##### Stored data

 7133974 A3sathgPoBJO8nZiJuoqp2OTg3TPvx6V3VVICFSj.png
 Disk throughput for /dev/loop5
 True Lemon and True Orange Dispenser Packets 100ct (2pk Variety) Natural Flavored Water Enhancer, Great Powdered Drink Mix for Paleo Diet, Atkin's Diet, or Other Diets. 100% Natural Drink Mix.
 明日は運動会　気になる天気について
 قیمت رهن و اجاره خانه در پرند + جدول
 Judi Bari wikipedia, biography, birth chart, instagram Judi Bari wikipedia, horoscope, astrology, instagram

##########
##### Stored data

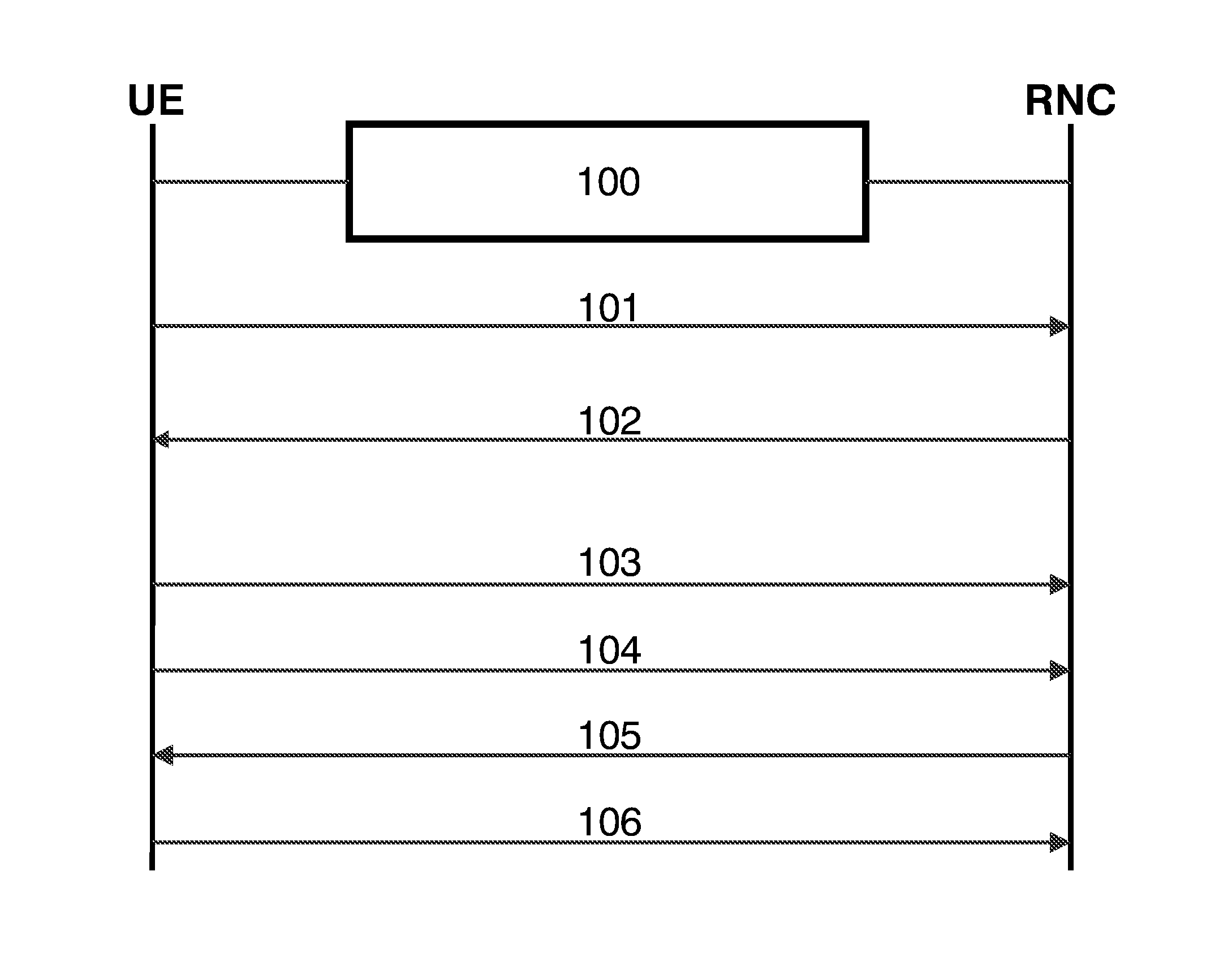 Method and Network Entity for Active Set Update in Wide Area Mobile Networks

##########
##### Stored data

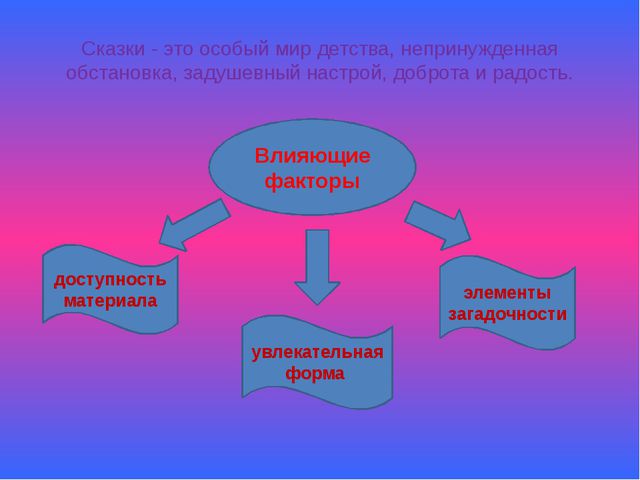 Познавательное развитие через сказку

##########

• _What you will do_: Your task is to retype the entries verbatim, starting with the line that holds "7133974 A3sathgPoBJO8nZiJuoqp2OTg3TPvx6V3VVICFSj.png" and stopping after the line that holds "Judi Bari wikipedia, biography, birth".

• _Task solution_:
 7133974 A3sathgPoBJO8nZiJuoqp2OTg3TPvx6V3VVICFSj.png
 Disk throughput for /dev/loop5
 True Lemon and True Orange Dispenser Packets 100ct (2pk Variety) Natural Flavored Water Enhancer, Great Powdered Drink Mix for Paleo Diet, Atkin's Diet, or Other Diets. 100% Natural Drink Mix.
 明日は運動会　気になる天気について
 قیمت رهن و اجاره خانه در پرند + جدول
 Judi Bari wikipedia, biography, birth chart, instagram Judi Bari wikipedia, horoscope, astrology, instagram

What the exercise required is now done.